20-Years of Preaching the Wrong Things

Equal to my first reflection, as far back as I can remember, I have always told myself my need for others is limited. In some ways, this has made saying the hard things easier. If they are driven away by the truth, I have told myself, it's their loss, not mine. They're missing out on God's best for their life, at that's the end of it. For most of my adulthood, especially, I have been a chronic introvert plagued by social anxiety. Engaging with others, in public settings, did not come easy to me. It still doesn't. You can imagine how complicated this makes being a pastor. Again, all of this stemmed from a limited, if not flawed, view of relationships. However, this too has been challenged the longer I preach and, in particular, during the 2020-2021 season. Allow me to explain...

When COVID-19 first hit, there were many things we feared, none more than the uncertainty of what was to come. However, when it came to the distance between us that the pandemic produced, I wondered if Christmas had come early, so to speak. A season of isolation and separation? No public engagements? Sign me up! I've been training for this way of living my whole life! And yet, as the weeks and months drudged on, it was not the romance I had built up in my mind. Quite the opposite. I became more irritable, more anxious, and more sad.


This made no sense. I was living the introverts dream and reaping none of the emotional benefits. The more time passed, this inexplicable thought crept into my consciousness and would not abate: could it be that I miss people? And not just any people!? Anthem people!?


But it was true. This saltier, older, introvertier (spell check says that's not a word), preacher missed his congregation. Not his audience. It wasn't a crowd that I longed for, but persons. Relationships. And if I, the king of all introverts, was experiencing quarantine this way, what must others be feeling!? That's when I knew, this kind of separation was not healthy, tenable or wise for any people, much less God's people. Some things, as we are learning, are more dangerous than a virus.

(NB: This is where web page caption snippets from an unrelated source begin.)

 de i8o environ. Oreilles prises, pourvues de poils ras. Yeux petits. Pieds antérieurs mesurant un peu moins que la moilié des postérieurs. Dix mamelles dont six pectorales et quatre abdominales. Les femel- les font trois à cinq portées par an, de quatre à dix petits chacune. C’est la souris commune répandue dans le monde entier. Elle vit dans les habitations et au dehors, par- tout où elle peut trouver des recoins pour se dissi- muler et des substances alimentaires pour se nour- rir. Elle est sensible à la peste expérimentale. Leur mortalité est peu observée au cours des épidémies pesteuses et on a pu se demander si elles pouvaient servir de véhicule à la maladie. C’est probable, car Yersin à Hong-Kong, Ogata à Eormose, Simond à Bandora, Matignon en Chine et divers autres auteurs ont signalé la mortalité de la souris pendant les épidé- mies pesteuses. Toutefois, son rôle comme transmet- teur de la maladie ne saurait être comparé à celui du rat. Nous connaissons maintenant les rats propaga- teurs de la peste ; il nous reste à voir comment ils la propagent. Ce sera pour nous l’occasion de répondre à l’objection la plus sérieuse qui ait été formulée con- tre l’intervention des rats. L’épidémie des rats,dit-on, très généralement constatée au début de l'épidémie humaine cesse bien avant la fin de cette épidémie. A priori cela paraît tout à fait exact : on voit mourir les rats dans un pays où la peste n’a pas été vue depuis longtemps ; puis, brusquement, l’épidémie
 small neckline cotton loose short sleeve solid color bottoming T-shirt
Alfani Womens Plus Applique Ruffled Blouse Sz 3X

If nothing else, I now knew how much I loved my people and loved being with them. It only took a global crisis to confirm what years of preaching had been trying to show me. Anthem, take it from this still reforming need people. Not just your blood family, or those you choose, but the church family God has given you. More now than ever.

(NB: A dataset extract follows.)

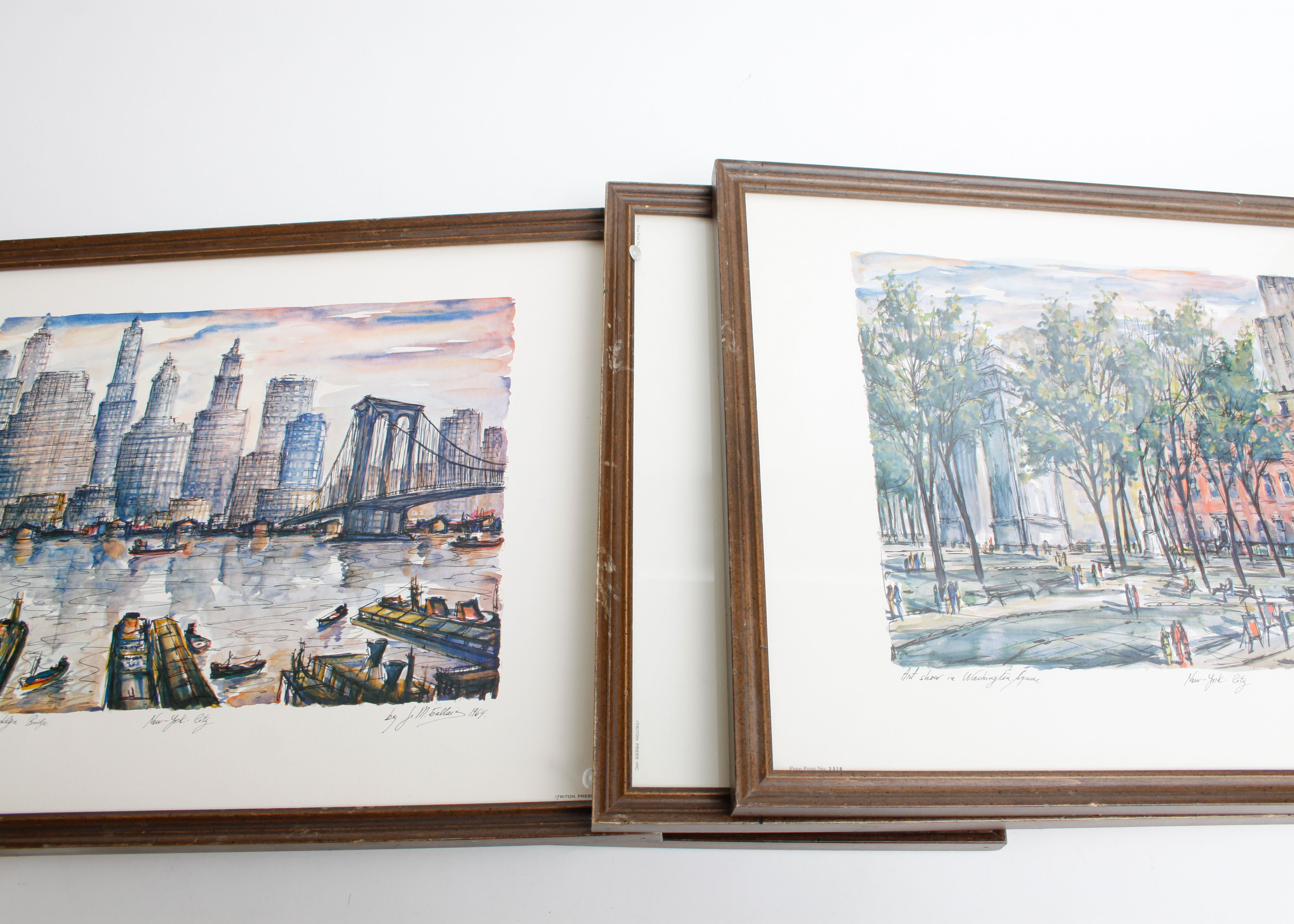 Set of Four Watercolor Prints of New York City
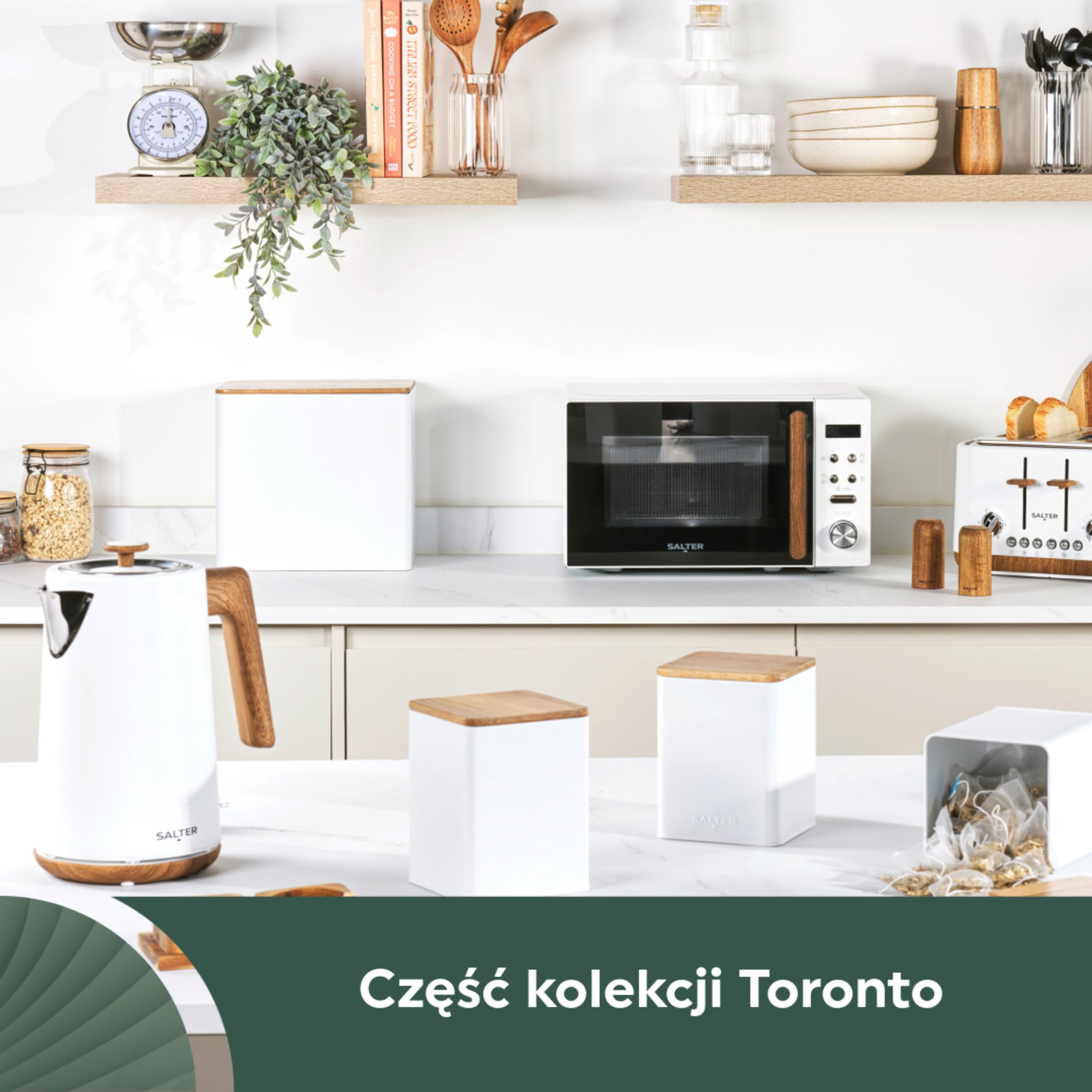 Salter EK5823WHT Toronto toster na 4 kromki – szerokie szczeliny, 6 poziomów opiekania, wyjmowana tacka na okruchy, funkcje rozmrazania, podgrzewania i anulowania. Samocentrowanie. Moc 1630 W.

These two major reflections are a part of a series of reflections that I intend to share during our next preaching series. For the lenten season, as we take a break from Genesis, we will start a topical series entitled: "The Pastor's Confessional". This series is not intended to be self-serving, self-promoting, or self-depreciating. It is intended to show you, through 20-years of preaching experience, how God changes people and continues to change people....even me. The focus and glory will belong to God alone, for he alone is responsible for this good work through hard every hard season of my life. Together, I hope we are encouraged, edified, and emboldened to good works because of our good God, just as I have been. Happy anthemversary/birthday to me, for the Lord has made me glad.

"For you, O LORD, have made me glad by your work; at the works of your hands I sing for joy." -Psalm 92:4

The Pastor's Confessional starts Sunday, March 7th at Anthem Church.



Daniel Jones - February 4th, 2021 at 9:22pm

Thank you

Maria Garcia - February 7th, 2021 at 4:11pm

Wow very inspiring. Happy Anniversary/Birthday!